On Monday, Linux devotees started to become aware that a patch merged into the Linux 6.12-rc4 kernel had removed the maintainers of the Acer Aspire 1 EC driver, Cirrus Logic CLPS711X Arm architecture, Baikal-T1 PVT hardware monitor driver, Libata PATA drivers, Libata SATA AHCI Synopsys DWC controller drivers... and several more patches.

While mention of the maintainers had vanished, the drivers remained for now. It didn’t take long to discover a commonality among the removed maintainers—some association with Russia. Most of them had a .ru email address.

(Image credit: Future)

It was presumed that there must be a war in Ukraine linked to the dozen maintainers being dropped, and indeed, Linus Torvalds confirmed this in no uncertain terms on Wednesday.

Before discussing the reasons behind the maintainer delistings, Torvalds seemed keen to blast “lots of Russian trolls out,” whom he claimed to be obvious random bots who were attempting to fake a grassroots campaign to reverse the maintainer cull.

Torvalds continued, with his rage dial turned to 11, explaining the meaning of sanctions to those that weren’t clear. “If you haven't heard of Russian sanctions yet, you should try to read the news someday. And by "news," I don't mean Russian state-sponsored spam.”

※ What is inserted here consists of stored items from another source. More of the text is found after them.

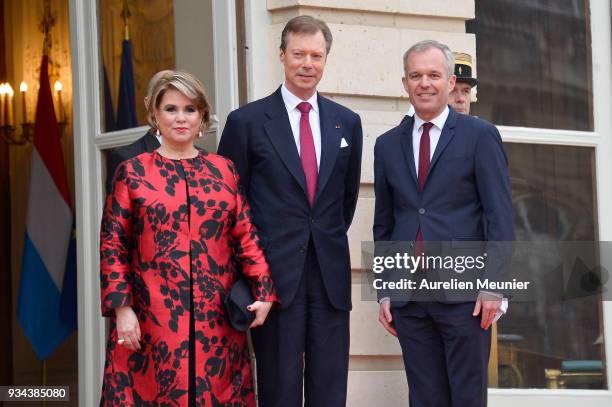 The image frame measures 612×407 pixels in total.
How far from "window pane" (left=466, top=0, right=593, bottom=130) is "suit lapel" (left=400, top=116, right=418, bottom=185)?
1272 mm

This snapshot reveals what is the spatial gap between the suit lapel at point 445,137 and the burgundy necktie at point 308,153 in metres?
0.45

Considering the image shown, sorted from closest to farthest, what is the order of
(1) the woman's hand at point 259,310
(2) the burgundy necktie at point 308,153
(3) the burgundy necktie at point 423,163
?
(1) the woman's hand at point 259,310, (3) the burgundy necktie at point 423,163, (2) the burgundy necktie at point 308,153

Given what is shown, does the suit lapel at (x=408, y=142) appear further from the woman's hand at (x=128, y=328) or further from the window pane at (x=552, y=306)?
the window pane at (x=552, y=306)

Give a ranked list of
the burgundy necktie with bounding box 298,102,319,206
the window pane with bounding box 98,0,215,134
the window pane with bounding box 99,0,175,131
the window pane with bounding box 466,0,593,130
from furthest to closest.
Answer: the window pane with bounding box 466,0,593,130, the window pane with bounding box 99,0,175,131, the window pane with bounding box 98,0,215,134, the burgundy necktie with bounding box 298,102,319,206

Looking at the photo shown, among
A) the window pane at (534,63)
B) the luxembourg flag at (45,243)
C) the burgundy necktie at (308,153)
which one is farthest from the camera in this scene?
the luxembourg flag at (45,243)

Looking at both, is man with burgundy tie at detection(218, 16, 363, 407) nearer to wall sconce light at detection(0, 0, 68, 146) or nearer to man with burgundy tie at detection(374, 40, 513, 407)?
man with burgundy tie at detection(374, 40, 513, 407)

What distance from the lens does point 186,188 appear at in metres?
3.99

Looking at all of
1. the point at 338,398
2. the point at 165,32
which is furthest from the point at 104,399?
the point at 165,32

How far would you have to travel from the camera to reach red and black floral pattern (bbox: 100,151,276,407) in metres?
3.89

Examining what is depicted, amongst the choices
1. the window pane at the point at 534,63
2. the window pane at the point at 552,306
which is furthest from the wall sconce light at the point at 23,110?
the window pane at the point at 552,306

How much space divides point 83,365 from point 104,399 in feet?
4.61

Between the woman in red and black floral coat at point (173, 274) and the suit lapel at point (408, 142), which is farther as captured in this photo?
the suit lapel at point (408, 142)

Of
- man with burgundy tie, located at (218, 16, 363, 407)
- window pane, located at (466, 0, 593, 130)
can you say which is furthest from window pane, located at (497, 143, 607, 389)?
man with burgundy tie, located at (218, 16, 363, 407)

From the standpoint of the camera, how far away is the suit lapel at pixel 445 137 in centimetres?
414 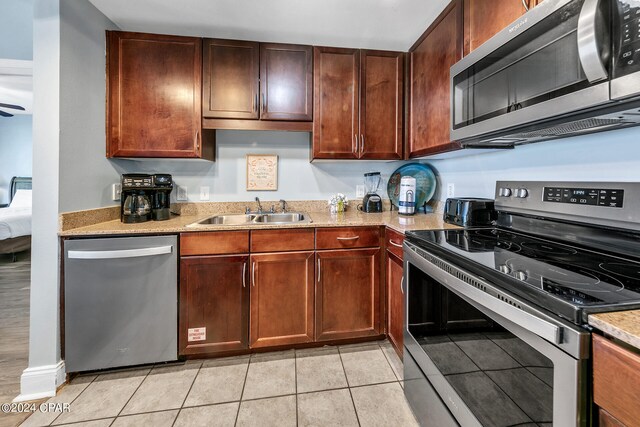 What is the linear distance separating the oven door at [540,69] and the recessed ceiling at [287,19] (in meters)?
0.74

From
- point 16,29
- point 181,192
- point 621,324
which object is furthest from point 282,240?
point 16,29

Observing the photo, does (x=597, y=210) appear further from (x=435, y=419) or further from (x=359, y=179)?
(x=359, y=179)

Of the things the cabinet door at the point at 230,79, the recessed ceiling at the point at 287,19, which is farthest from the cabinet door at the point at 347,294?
the recessed ceiling at the point at 287,19

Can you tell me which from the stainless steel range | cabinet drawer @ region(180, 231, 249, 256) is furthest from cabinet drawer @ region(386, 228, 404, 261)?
cabinet drawer @ region(180, 231, 249, 256)

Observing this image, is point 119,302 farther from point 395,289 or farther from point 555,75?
point 555,75

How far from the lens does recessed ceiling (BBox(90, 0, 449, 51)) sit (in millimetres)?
1646

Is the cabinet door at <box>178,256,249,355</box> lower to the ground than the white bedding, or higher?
lower

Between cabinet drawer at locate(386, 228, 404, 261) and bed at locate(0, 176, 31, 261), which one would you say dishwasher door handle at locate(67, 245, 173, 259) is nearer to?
cabinet drawer at locate(386, 228, 404, 261)

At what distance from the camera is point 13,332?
205cm

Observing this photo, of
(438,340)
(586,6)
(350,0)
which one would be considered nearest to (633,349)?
(438,340)

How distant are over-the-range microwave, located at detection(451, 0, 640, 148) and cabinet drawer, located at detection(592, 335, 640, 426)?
1.93 feet

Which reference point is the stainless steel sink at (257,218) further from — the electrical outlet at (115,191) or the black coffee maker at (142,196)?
the electrical outlet at (115,191)

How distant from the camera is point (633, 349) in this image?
0.51m

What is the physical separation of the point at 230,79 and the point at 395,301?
193 centimetres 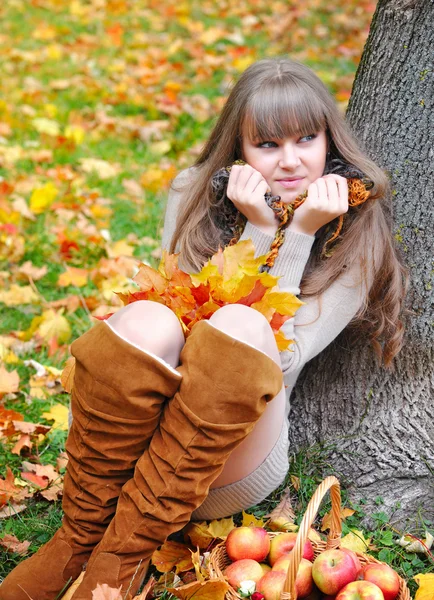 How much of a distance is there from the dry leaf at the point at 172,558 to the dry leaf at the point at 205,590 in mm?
175

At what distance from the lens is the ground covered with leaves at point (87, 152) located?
224 centimetres

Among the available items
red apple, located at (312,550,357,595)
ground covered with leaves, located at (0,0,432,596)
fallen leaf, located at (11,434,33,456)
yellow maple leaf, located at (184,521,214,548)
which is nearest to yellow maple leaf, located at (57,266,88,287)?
ground covered with leaves, located at (0,0,432,596)

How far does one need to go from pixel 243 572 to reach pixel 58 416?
974mm

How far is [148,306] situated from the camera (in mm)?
1596

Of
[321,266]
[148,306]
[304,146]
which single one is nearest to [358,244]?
[321,266]

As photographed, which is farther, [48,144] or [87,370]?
[48,144]

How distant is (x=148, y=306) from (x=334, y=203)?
2.02 ft

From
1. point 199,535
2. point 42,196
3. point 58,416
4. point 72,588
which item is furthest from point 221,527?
point 42,196

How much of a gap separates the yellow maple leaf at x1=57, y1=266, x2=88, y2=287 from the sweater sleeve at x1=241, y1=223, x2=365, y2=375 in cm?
129

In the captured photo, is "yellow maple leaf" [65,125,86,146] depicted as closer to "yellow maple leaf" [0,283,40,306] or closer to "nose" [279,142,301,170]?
"yellow maple leaf" [0,283,40,306]

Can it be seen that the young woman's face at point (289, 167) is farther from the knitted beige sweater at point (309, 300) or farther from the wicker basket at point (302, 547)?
the wicker basket at point (302, 547)

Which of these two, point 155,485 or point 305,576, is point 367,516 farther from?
point 155,485

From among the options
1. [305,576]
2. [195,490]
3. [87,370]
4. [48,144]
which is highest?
[87,370]

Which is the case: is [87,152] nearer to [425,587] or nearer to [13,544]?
[13,544] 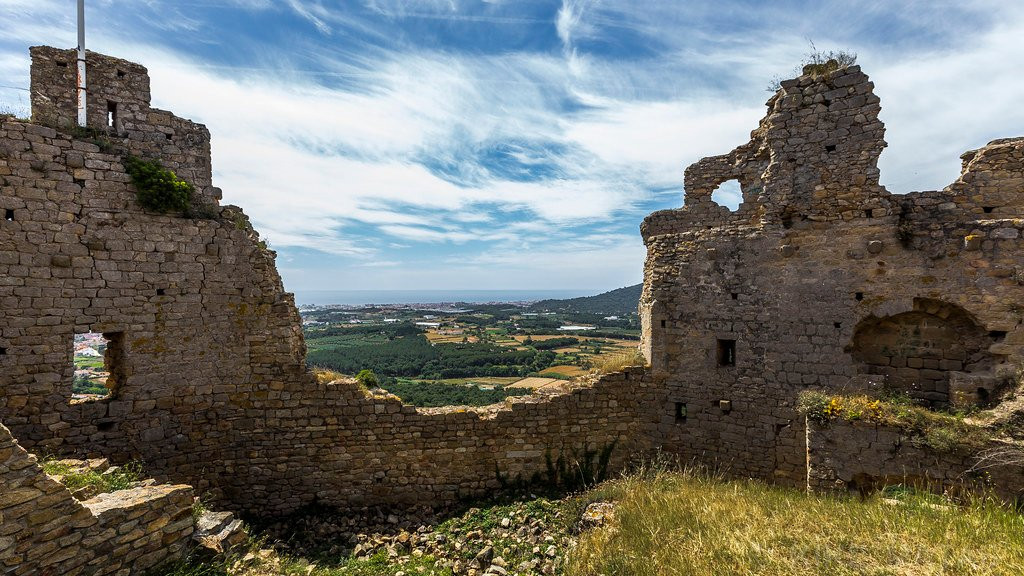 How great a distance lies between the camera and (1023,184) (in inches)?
256

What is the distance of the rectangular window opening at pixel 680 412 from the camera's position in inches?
327

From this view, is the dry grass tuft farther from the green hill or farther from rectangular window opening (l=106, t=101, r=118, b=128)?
the green hill

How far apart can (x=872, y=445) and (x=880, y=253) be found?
9.36 feet

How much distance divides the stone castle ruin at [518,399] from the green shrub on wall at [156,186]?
0.15 metres

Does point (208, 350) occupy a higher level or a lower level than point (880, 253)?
lower

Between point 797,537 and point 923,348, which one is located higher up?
point 923,348

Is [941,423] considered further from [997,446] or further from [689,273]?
[689,273]

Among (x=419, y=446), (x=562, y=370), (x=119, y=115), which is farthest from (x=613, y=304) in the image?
(x=119, y=115)

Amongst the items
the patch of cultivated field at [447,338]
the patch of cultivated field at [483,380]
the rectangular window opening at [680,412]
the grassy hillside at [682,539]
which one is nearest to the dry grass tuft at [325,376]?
the grassy hillside at [682,539]

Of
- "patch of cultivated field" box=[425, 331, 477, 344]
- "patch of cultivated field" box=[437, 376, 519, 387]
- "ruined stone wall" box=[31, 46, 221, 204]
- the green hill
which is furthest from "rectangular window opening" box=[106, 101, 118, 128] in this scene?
the green hill

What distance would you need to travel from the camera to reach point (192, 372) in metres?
7.12

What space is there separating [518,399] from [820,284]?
5.29m

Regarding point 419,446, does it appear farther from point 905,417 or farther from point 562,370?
point 562,370

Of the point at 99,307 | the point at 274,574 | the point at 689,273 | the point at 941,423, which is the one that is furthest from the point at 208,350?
the point at 941,423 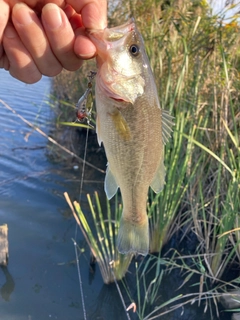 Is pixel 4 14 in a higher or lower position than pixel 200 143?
higher

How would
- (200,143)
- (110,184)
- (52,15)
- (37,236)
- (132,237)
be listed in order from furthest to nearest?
1. (37,236)
2. (200,143)
3. (132,237)
4. (110,184)
5. (52,15)

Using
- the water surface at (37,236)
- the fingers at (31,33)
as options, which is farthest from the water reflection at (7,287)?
the fingers at (31,33)

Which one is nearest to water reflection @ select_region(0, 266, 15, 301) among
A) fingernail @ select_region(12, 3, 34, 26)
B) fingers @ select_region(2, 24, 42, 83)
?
fingers @ select_region(2, 24, 42, 83)

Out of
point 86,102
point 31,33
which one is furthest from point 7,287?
point 31,33

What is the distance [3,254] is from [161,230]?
1.62 meters

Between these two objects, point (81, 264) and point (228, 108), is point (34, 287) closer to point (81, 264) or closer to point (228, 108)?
point (81, 264)

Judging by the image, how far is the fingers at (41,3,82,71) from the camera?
4.49ft

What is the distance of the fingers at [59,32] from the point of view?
4.49 feet

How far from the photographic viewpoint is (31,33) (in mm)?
1395

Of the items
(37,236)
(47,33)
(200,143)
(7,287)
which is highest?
(47,33)

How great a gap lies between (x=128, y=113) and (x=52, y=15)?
0.46 m

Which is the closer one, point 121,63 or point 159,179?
point 121,63

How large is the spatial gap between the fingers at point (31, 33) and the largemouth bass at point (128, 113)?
0.63 ft

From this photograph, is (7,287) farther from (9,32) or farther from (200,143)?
(9,32) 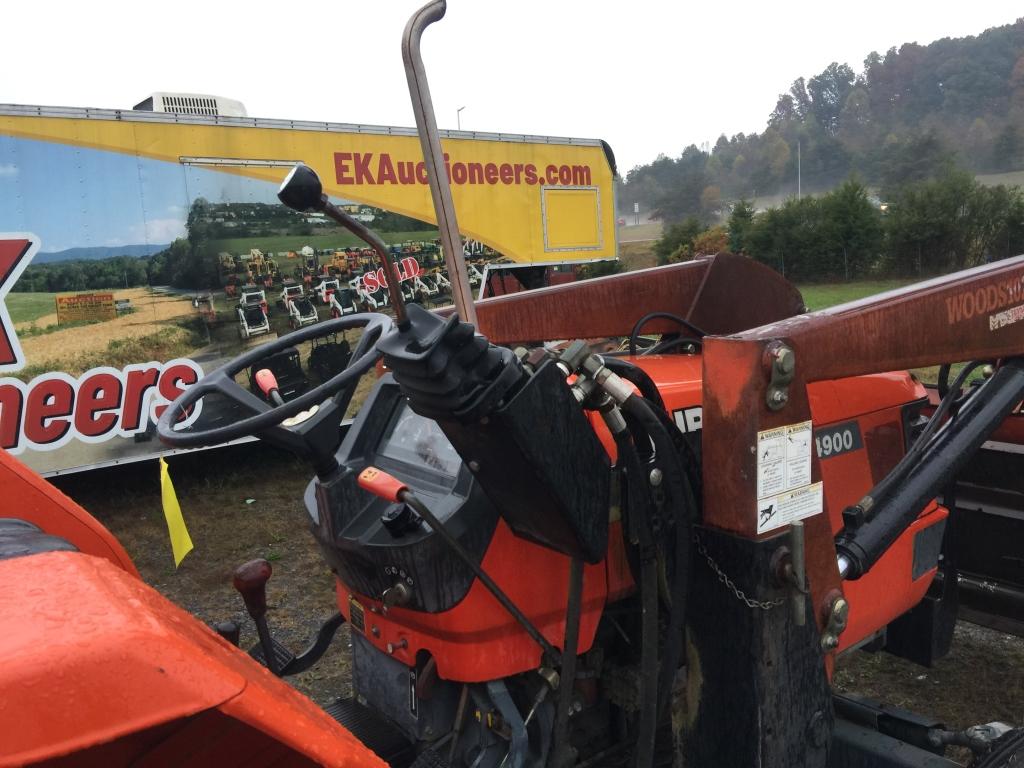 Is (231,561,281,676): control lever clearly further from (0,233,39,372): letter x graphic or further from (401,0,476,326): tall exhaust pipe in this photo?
(0,233,39,372): letter x graphic

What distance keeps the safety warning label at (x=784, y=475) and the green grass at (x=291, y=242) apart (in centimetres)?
593

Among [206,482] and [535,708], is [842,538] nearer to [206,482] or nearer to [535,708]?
[535,708]

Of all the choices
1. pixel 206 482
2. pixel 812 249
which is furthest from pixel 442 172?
pixel 812 249

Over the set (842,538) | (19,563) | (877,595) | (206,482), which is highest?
(19,563)

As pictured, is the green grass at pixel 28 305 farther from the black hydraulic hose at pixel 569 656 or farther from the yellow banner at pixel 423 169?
the black hydraulic hose at pixel 569 656

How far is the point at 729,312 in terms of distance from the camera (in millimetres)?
3252

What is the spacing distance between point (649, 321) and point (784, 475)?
1.54 m

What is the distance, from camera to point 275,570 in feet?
17.0

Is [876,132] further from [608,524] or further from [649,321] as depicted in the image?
[608,524]

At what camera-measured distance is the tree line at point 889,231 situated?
79.8 ft

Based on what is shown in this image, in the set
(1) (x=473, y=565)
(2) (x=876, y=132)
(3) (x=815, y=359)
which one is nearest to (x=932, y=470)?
(3) (x=815, y=359)

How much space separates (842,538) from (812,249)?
27431mm

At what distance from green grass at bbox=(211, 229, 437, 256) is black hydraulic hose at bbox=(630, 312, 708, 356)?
4557 millimetres

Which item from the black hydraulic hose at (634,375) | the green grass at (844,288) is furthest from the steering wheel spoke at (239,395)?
the green grass at (844,288) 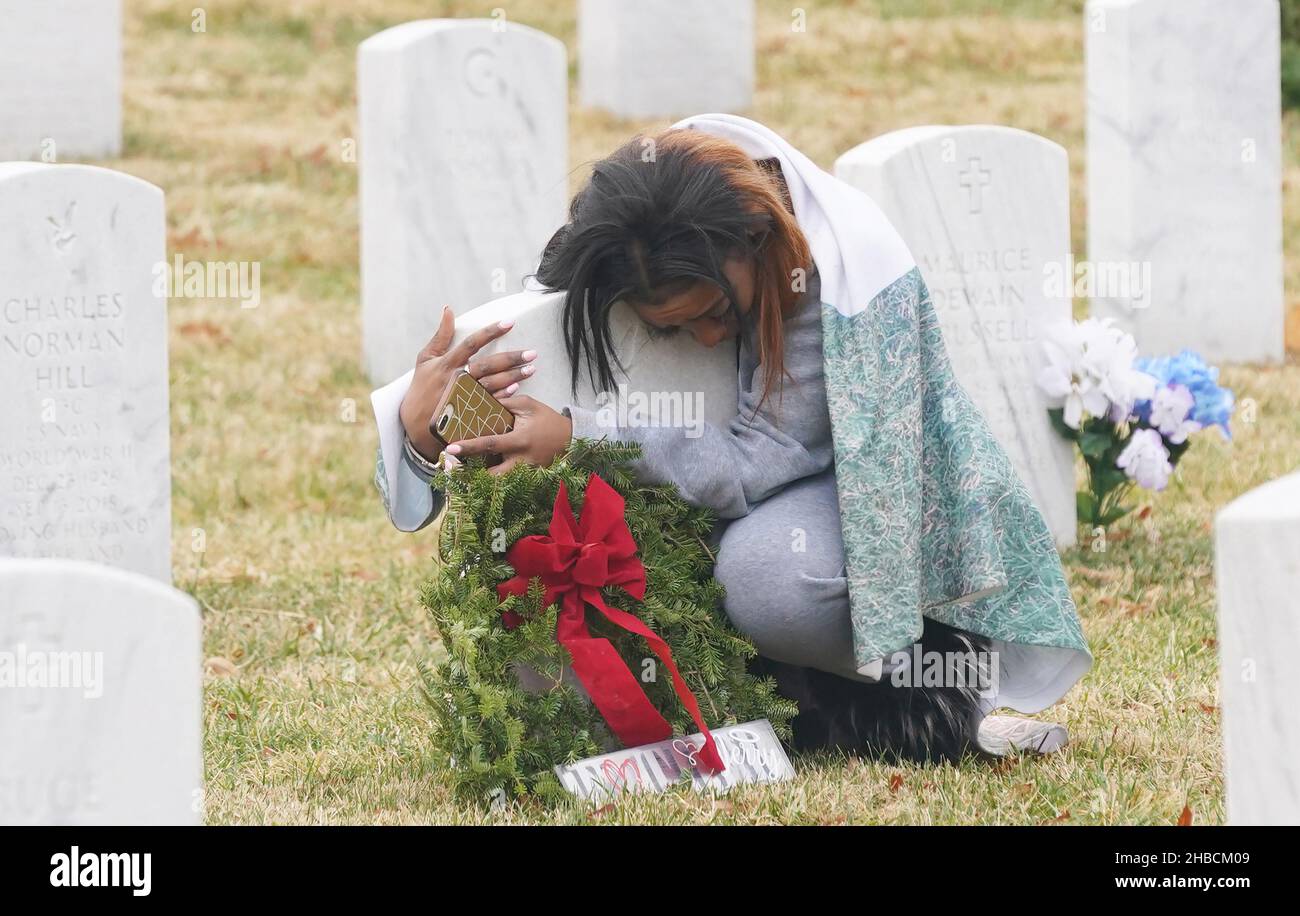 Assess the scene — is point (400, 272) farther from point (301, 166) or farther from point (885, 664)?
point (885, 664)

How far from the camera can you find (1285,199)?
953 cm

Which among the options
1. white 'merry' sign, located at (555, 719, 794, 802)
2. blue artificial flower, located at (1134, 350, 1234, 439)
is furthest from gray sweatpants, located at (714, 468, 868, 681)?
blue artificial flower, located at (1134, 350, 1234, 439)

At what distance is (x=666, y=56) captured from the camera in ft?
33.9

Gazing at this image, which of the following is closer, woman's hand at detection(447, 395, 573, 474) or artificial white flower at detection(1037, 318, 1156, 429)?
woman's hand at detection(447, 395, 573, 474)

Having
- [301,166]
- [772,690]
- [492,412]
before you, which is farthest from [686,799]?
[301,166]

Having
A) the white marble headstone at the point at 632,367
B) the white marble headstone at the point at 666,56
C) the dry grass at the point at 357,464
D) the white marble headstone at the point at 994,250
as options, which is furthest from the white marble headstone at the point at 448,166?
the white marble headstone at the point at 632,367

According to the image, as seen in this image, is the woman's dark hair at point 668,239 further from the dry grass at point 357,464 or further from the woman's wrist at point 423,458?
the dry grass at point 357,464

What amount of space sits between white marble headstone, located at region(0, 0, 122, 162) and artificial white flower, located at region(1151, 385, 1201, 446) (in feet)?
19.0

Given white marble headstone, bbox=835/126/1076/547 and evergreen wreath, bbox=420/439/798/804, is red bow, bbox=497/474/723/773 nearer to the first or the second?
evergreen wreath, bbox=420/439/798/804

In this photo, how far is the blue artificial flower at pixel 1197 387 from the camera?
17.0ft

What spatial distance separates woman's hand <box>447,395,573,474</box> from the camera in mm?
3066

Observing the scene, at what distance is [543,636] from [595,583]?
0.13 metres

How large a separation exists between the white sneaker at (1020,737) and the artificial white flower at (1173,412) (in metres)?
1.90

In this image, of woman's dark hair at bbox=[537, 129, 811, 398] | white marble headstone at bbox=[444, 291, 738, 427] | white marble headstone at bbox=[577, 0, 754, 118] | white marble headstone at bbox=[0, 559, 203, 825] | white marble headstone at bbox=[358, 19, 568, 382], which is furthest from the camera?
white marble headstone at bbox=[577, 0, 754, 118] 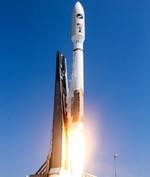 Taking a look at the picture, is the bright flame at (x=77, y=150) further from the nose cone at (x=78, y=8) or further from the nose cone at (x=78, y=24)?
the nose cone at (x=78, y=8)

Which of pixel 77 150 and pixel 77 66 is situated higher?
pixel 77 66

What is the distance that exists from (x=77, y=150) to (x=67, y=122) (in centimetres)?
231

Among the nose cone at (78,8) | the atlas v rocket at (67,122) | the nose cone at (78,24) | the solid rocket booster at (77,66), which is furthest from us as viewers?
the nose cone at (78,8)

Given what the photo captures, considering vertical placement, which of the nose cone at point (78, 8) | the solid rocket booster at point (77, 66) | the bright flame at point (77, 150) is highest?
the nose cone at point (78, 8)

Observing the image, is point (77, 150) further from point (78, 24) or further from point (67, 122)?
point (78, 24)

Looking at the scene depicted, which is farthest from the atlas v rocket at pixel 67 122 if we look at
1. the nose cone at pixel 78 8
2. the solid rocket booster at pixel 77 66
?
the nose cone at pixel 78 8

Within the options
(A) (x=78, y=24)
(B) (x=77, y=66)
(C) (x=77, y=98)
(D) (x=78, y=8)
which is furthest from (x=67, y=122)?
(D) (x=78, y=8)

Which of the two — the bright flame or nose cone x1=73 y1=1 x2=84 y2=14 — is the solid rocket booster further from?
the bright flame

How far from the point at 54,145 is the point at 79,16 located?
35.9 feet

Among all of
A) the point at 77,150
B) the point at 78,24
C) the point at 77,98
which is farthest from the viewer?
the point at 78,24

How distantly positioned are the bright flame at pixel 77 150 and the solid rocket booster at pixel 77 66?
29.2 inches

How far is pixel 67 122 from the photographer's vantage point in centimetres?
2569

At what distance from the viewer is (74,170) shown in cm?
2439

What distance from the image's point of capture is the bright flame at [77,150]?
80.1 ft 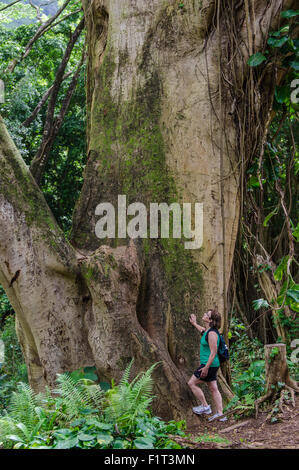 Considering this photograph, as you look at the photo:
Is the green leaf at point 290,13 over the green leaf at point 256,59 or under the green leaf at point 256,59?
over

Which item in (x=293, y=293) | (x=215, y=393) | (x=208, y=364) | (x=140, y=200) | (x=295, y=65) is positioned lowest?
(x=215, y=393)

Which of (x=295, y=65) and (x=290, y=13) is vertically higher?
(x=290, y=13)

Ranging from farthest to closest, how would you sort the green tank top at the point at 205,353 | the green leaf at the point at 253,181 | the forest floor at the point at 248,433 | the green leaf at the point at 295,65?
1. the green leaf at the point at 253,181
2. the green leaf at the point at 295,65
3. the green tank top at the point at 205,353
4. the forest floor at the point at 248,433

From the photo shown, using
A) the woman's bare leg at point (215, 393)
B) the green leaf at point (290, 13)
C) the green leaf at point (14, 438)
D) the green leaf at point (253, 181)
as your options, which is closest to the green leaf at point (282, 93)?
the green leaf at point (290, 13)

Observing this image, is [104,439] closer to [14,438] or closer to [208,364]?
[14,438]

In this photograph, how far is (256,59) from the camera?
4.60 m

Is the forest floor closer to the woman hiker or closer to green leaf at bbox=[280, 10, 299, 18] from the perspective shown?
the woman hiker

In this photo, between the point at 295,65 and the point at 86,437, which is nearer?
the point at 86,437

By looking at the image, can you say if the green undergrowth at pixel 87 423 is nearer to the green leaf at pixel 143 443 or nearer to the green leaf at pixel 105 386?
the green leaf at pixel 143 443

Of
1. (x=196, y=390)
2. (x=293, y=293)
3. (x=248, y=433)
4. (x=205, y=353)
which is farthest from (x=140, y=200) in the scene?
(x=248, y=433)

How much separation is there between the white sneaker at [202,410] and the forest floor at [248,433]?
0.04m

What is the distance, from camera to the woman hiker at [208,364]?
13.9ft

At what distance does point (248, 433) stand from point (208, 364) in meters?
0.70

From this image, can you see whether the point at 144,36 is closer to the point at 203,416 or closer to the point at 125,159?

Towards the end of his tirade, the Linux godfather reminded mailing list readers that he is a proud Fin before rhetorically asking, “Did you think I'd be *supporting* Russian aggression?” Then he told readers his critics didn’t need to brush up on their history and real news. It seems fair to assume that Torvald’s decision regarding Russian contributors will not be reversed soon.

Earlier this week, we reported that Torvalds was "fed up with buggy hardware and completely theoretical attacks." We understand that particular outburst was prompted by some proposed code for linear address masking (LAM) for Intel Arrow Lake and Lunar Lake CPUs.